Energy: Small Percentage Of State’s Power Comes From Coal-Burning Plants
The last thing needed by California’s electric utilities , already strapped for hydro-electric power, natural gas and cash , is another shortage.
But utility officials say the state is positioned to weather unscathed a developing tightening of supplies of coal, which generates about half of all U.S. electricity.
Some industry experts have rung the alarm bells over a potential coal shortage: The nation’s last-reported coal supply levels earlier this year were 27 percent lower than the previous year’s, according to the Department of Energy.
And, or course, rolling blackouts are set to occur in California regularly during the summer months when power demand peaks as temperatures rise and both corporate and individual customers run air-conditioning units at high settings.
But California does not rely heavily on coal , the state has no coal-fired power plants of its own , and municipal utilities like Anaheim’s, which partially relies on out-of-state coal, have access to large reserves.
Rosemead-based Southern California Edison, a unit of Edison International, relies on coal for about 10 percent to 15 percent of its power generation needs. Edison spokesman Steve Conroy said the company has long-term contracts to buy coal from the Black Mason mine in Arizona, which insulates Edison from a possible drop in nationwide coal supplies.
A Midwest Problem
“We’re not expecting any supply problems associated with coal,” Conroy said. “The Midwest has coal supply issues, but that has no impact on us whatsoever.”

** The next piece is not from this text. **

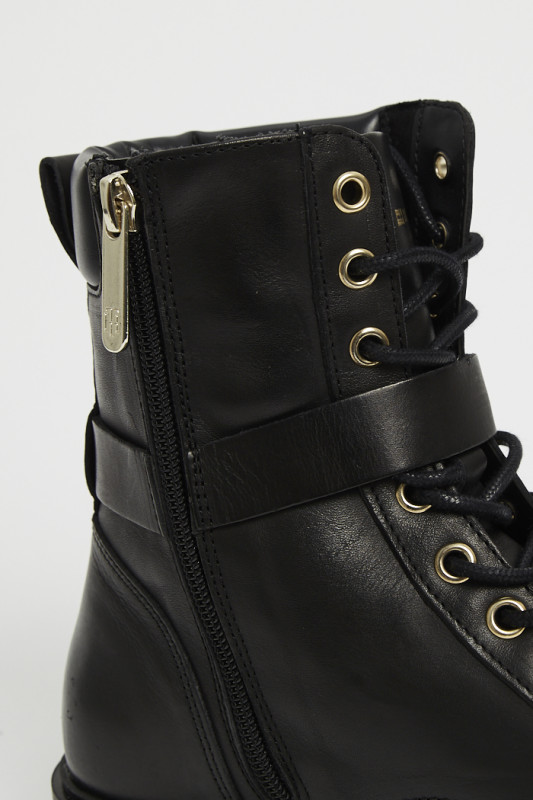 Bottines en cuir crantées à sangles Tommy Hilfiger boucles métal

Edison owns 56 percent of the two-unit, 1,600-megawatt Mojave coal-fired plant in Nevada, which gives the utility around 900 megawatts of supply. At the New Mexico-based Four Corners plant, Edison owns 48 percent of two of the plant’s five units, which yields about 720 megawatts for California customers.
One megawatt is enough electricity to supply about 1,000 homes.

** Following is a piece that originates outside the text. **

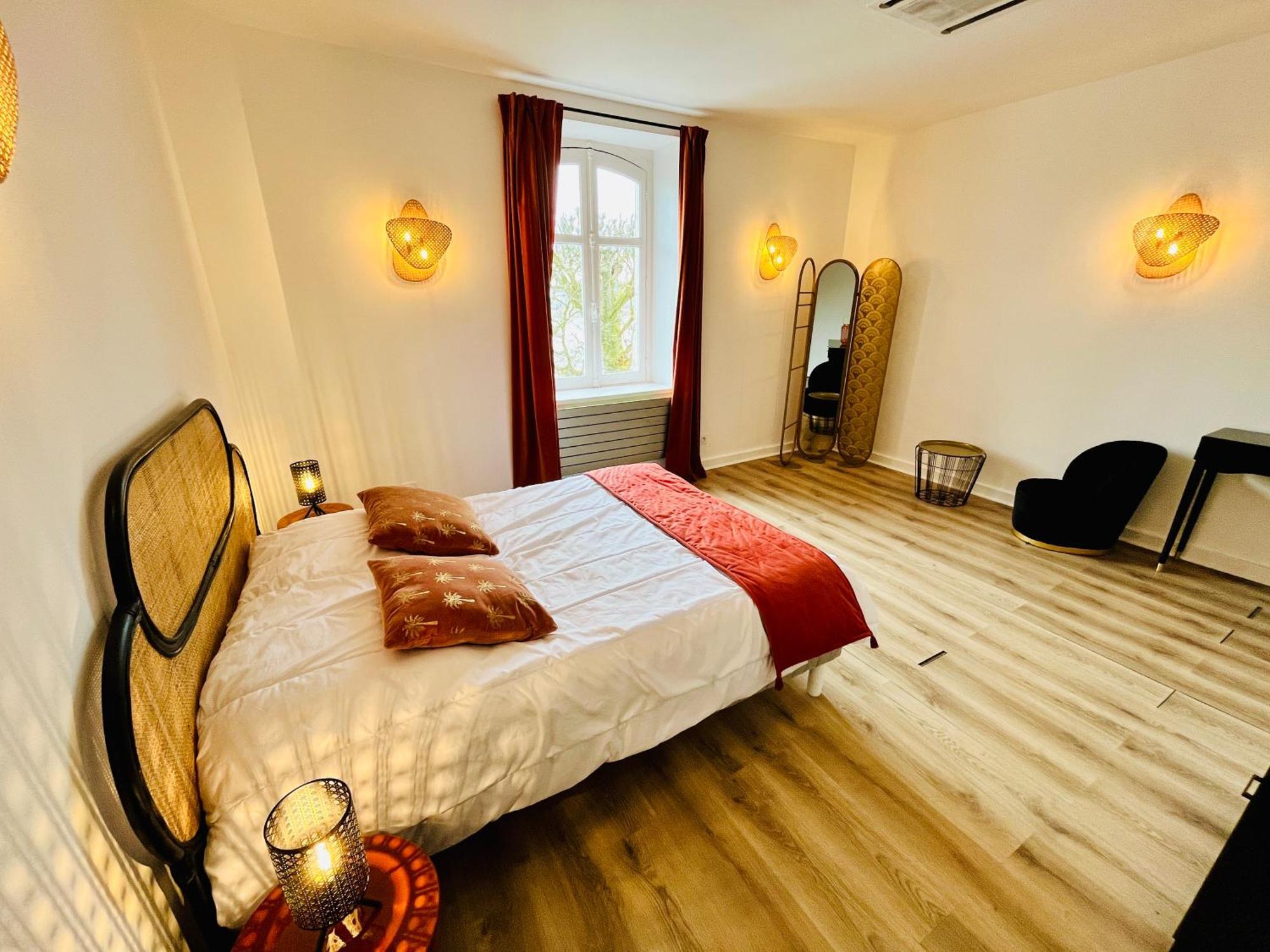 Vue Loire, Hypercentre, Spacieux, Familial, Climatise, Le Quai De Loire Apartman Blois Kültér fotó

Anaheim’s Public Utilities Department and the Los Angeles Department of Water and Power both own stakes in the coal-fired Intermountain Power Plant in Utah.
“Right now, the California market is so messed up that discerning the impact of one variable like pricing or availability would be very difficult,” said Marcie Edwards, general manager of Anaheim’s Public Utilities Department.
Still, she said, “I see no problems at the present time in the coal market that would affect Anaheim.”
Long-Term Contracts
The Intermountain plant is a significant coal burner, she acknowledged, but the vast majority of coal requirements at the facility are supplied under long-term contracts and coal is delivered at approximately the same rate at which it is burned. Even if problems develop, the plant has a 700,000-ton reserve supply on site, about a 60-day supply.
Coal-burning generators engaged in “just in time” supply practices are finding that strategy riskier with coal prices rising to reflect decreasing reserves, according to a spokesman with St. Louis-based Arch Coal Inc., the country’s second-largest coal company.
“Just in time” is when the coal arrives just as a power generator needs it , generators who rely on such coal supplies have little to no backup or inventory coal on site.
Cziborr writes for the Orange County Business Journal.